Due to multidisciplinary supportive care, the patient’s skin lesions and general condition gradually improved. Laboratory findings showed regression of renal failure and inflammatory markers. After 7 days in the ICU, the patient was transferred to the Dermatology Department. After 42 days in the hospital, the patient recovered completely and was discharged. The adverse drug reaction was documented in the patient’s notes and communicated to her general practitioner.

Discussion

TEN, first described in 1956 by Lyell [1], is a serious and life-threatening immunological disease, most often caused by an adverse reaction to various medications [1,3,7–9]. It is one of the most severe dermatological emergency conditions and represents the worst manifestation of epidermal necrolysis within a disease complex including SJS, TEN, and an overlapping syndrome between them that depends on the extent of affected dermal surface [2,10]. The literature indicates that TEN has a mortality rate of about 30% up to 45%, with a rare incidence of 1 to 2 per 1 million per year [4,5,11,12]. In addition to the dermal symptoms, various other manifestations of TEN, such as inflammation of internal gastrointestinal or respiratory mucosa, anemia, or neutropenia, cause a mortality rate that is as high as that associated with metabolic disorders, sepsis, and bleeding [13]. In most cases, intensive care and invasive interventions are necessary. Potentially causative drugs for TEN include certain antibiotics, anticonvulsives, nonsteroidal anti-inflammatory drugs, and allopurinol [3,11,12].

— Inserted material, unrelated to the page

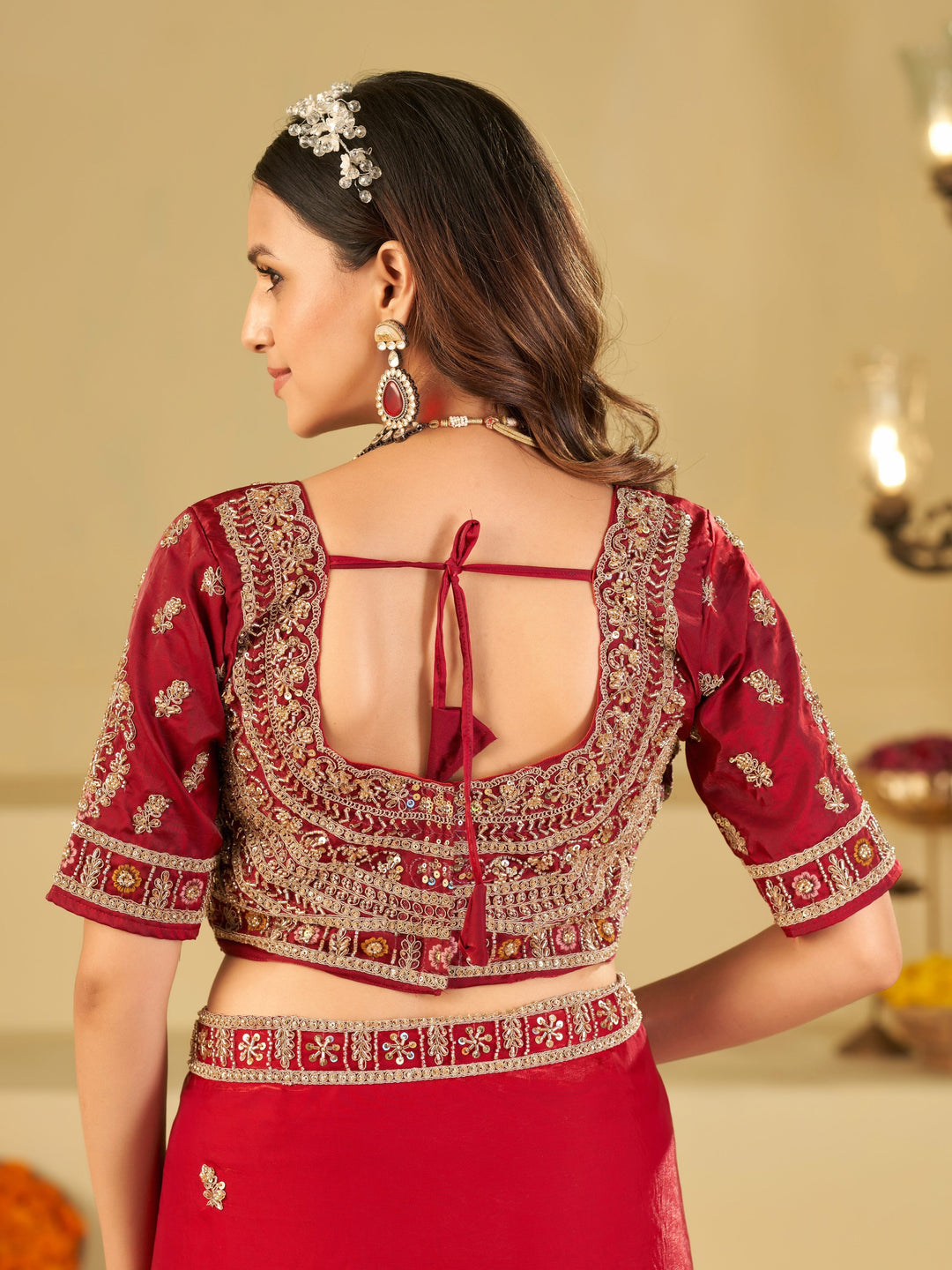 Ruby Red Designer Fendy Satin Saree with Heavy Embroidered Blouse & Zari Border | Premium Wedding & Festive Wear Saree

The clinical onset of TEN is often seen a few days to several weeks after intake of the inducing drug, and it begins with nonspecific symptoms and signs, such as fatigue, fever, pruritus, and mucosal irritation [14,15]. Late occurrence of dark erythematous to purple-colored patches, such as atypical target-oid lesions, blisters, erosions, or ulcers with a positive Nikolsky sign, is reported in the literature [8,16]. Concomitant oral, ocular, genital, or rectal mucosal effects are typical for TEN [16]. The blistering separates the epidermis from the dermis and detachment from the dermis develops. In our case, the initial symptoms were a mild pruritic rash on the torso 3 weeks after the first ingestion of allopurinol. The initial maculopapulous exanthema then worsened to a blistering, skin-peeling condition affecting almost 85% of the body surface as the condition developed.

Clinically, TEN has to be differentiated from other dermatoses, which is difficult, especially in the early phase. Viral or bacterial exanthema, autoimmune diseases, and drug-induced cutaneous reactions are potential differential diagnoses for TEN [17]. In our case, a viral exanthema or adverse drug reaction was initially included in the differential diagnosis and required ruling out.

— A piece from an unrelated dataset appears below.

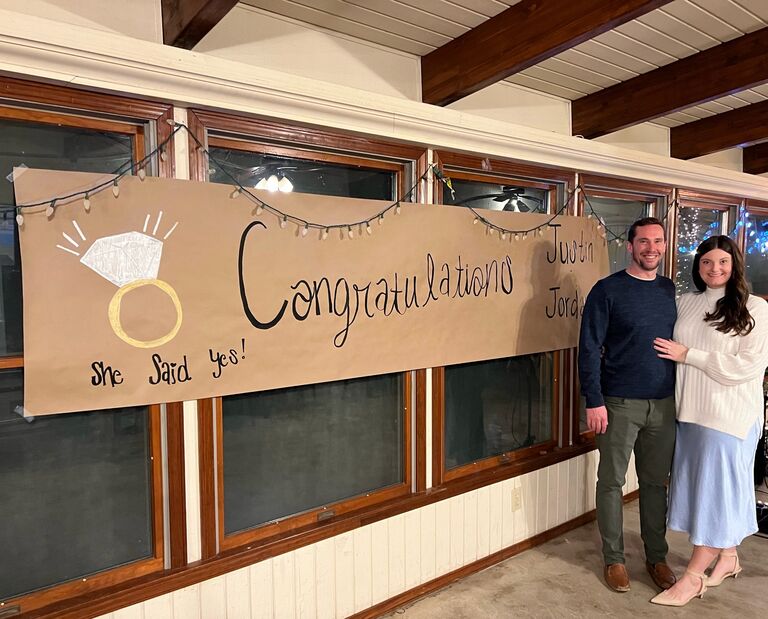 Celebrating our engagement with family and friends at the Alexander City Elks Lodge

One of the most important severe differential diagnoses is a drug reaction with eosinophilia and systemic symptoms (DRESS), a maculopapular or morbilliform drug reaction similar to that associated with allopurinol but primarily affecting the trunk, face, and extremities [18]. Along with dermal effects, fever, facial edema, lymphadenopathy, eosinophilia, and further laboratory abnormalities of various organ systems (hepatitis, nephritis, pneumonitis, carditis, and thyroiditis) may occur as a reactivation of a human herpes group virus. The incidence is estimated to be 10 per million, with a mortality rate of up to 10%, so DRESS occurs more often than TEN but is much less deadly.

Histopathological analysis of skin biopsies is necessary for the differentiation and diagnosis of TEN. With TEN, full-thickness epidermal necrolysis can be seen, whereas DRESS shows a non-specific picture with spongiotic or necrotic keratinocytes [8,18]. Necrolysis in TEN is due to a T-cell-mediated cytotoxic apoptosis and release of mediators and cytokines such as granulolysin, perforin, granzyme B, tumor necrosis factor-α, interferon-γ, or FAS-receptor-ligand by a T-cell type IV-like reaction of the body [8,19,20]. Granulolysin seems to be the leading cytokine [21]. Several HLA alleles and variants have been found to be associated with drug-induced TEN. The HLA–B*58: 01 allele is related to the occurrence of TEN induced by allopurinol. In summary, a combination of the drug structure, drug metabolism, and genetic factors are relevant in the development of TEN [8]. The pathophysiology of DRESS is not yet understood, but an autoimmune genesis due to cross-reactive T cells from viral antigens is suspected. Certain HLA alleles determine the occurrence and severity of DRESS [18,22,23].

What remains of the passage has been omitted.